⟨

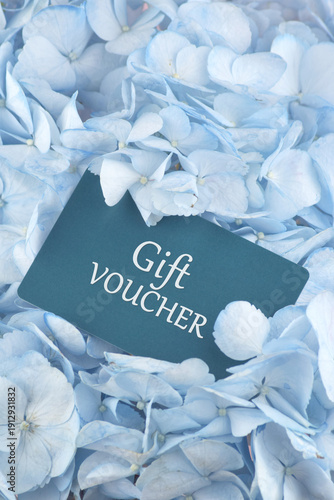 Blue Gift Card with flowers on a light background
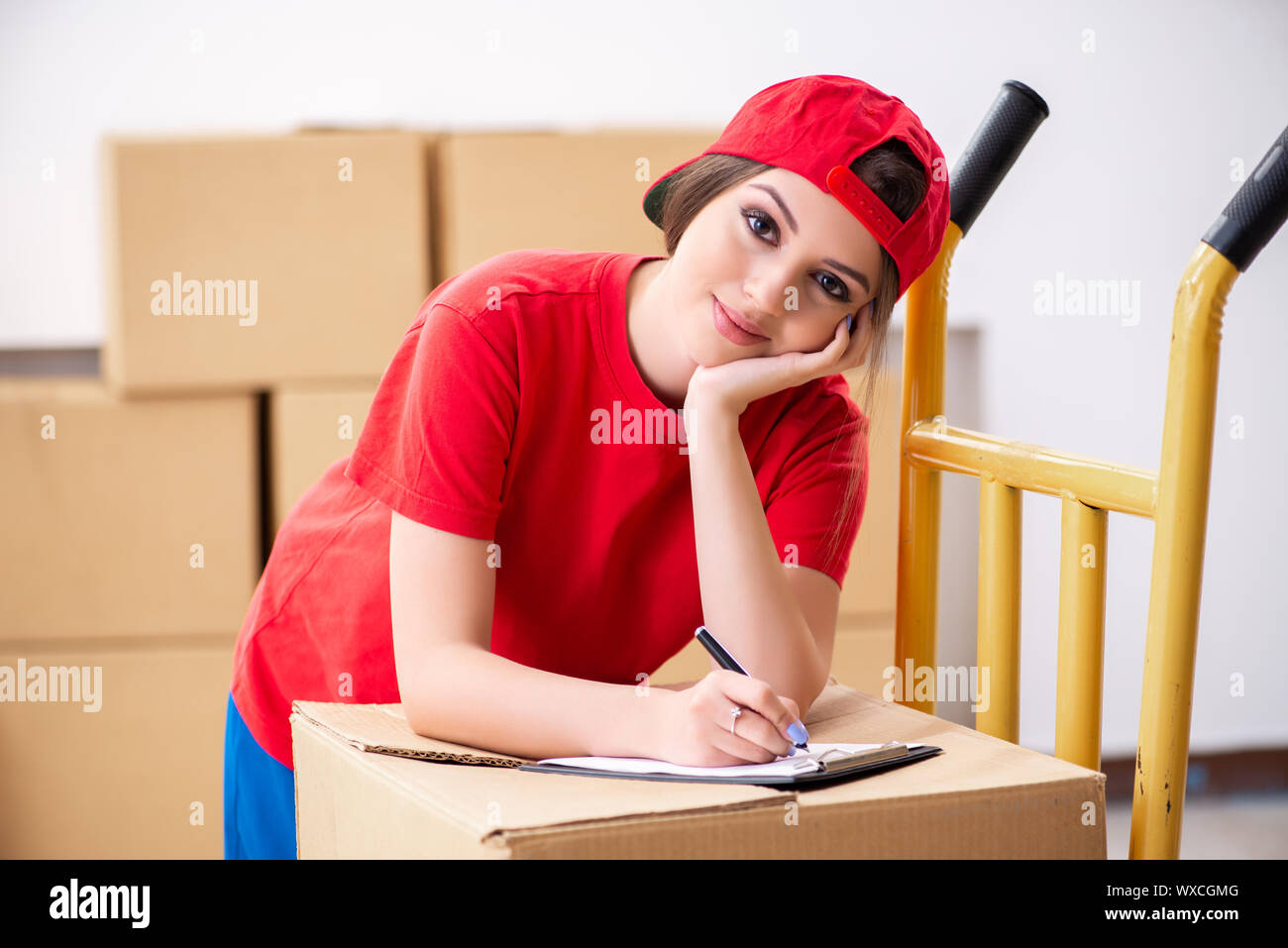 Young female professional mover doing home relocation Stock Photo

⟩
⟨

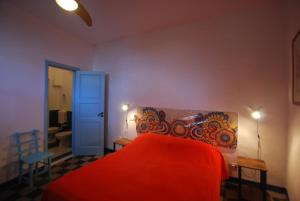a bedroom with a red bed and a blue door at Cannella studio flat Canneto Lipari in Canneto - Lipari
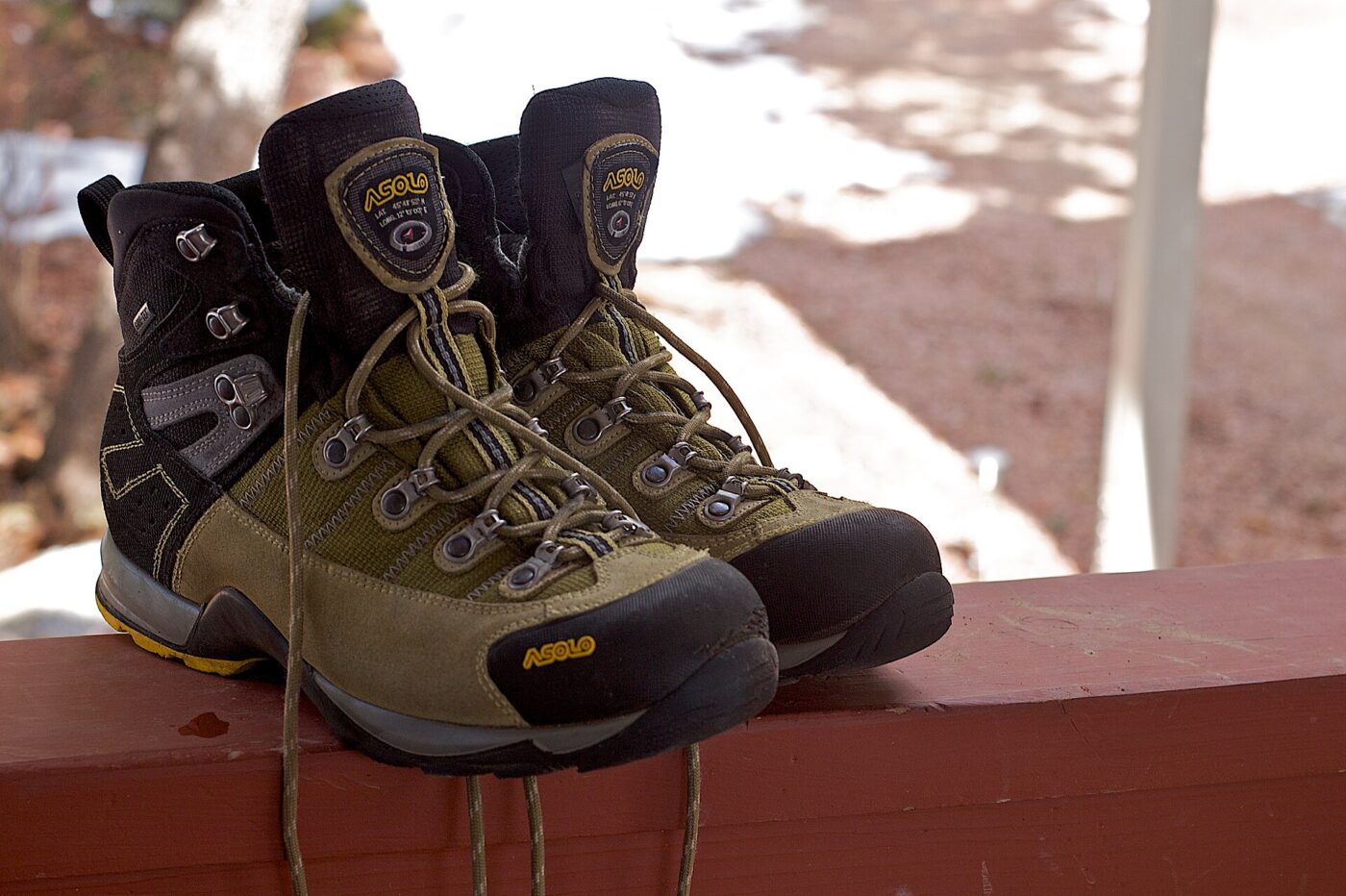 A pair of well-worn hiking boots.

⟩
⟨

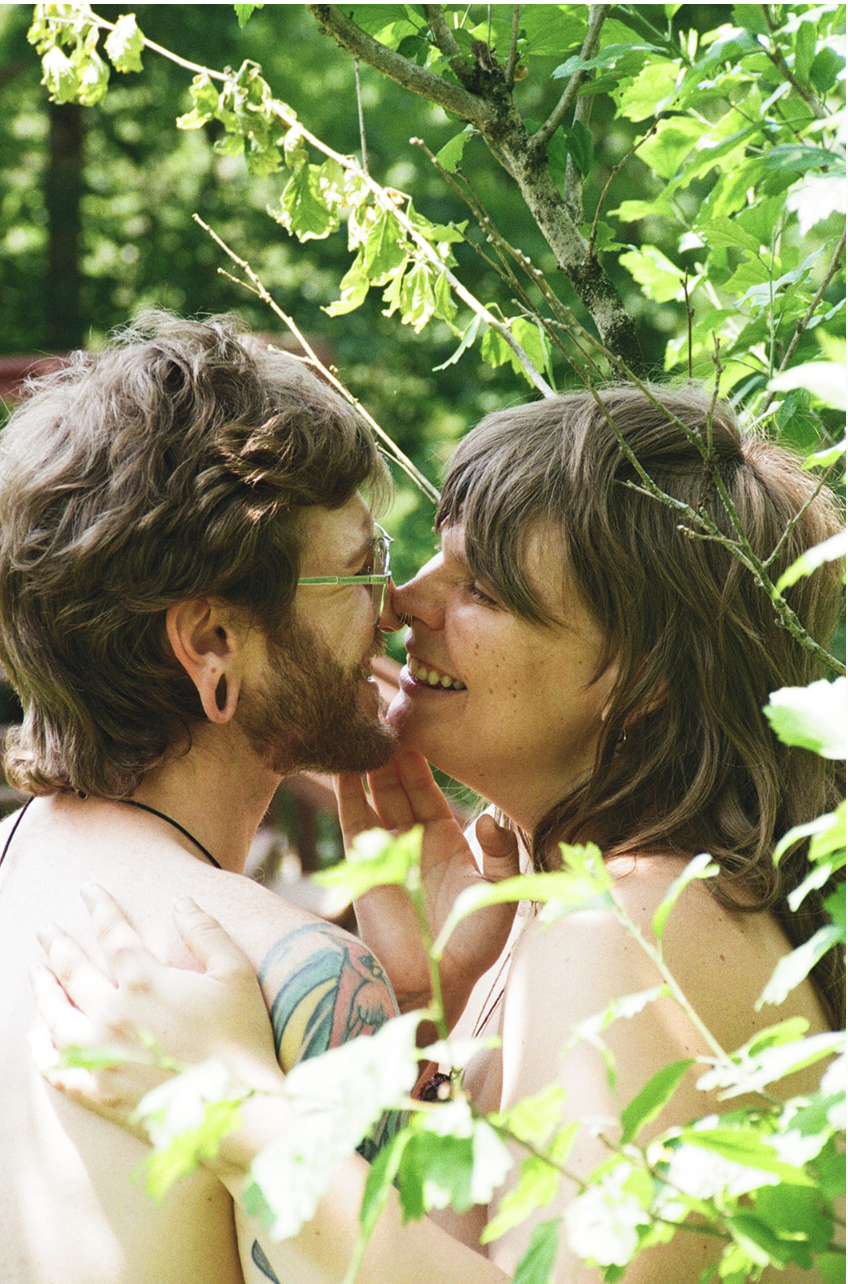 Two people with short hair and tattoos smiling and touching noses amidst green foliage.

⟩

- ACTIVITY -
Quote the data above exactly from the line with "Blue Gift Card" to the line with "Young female professional", both ends counted, and nothing else. Pictures don't go in.

- THE ANSWER -
 Blue Gift Card with flowers on a light background
 Young female professional mover doing home relocation Stock Photo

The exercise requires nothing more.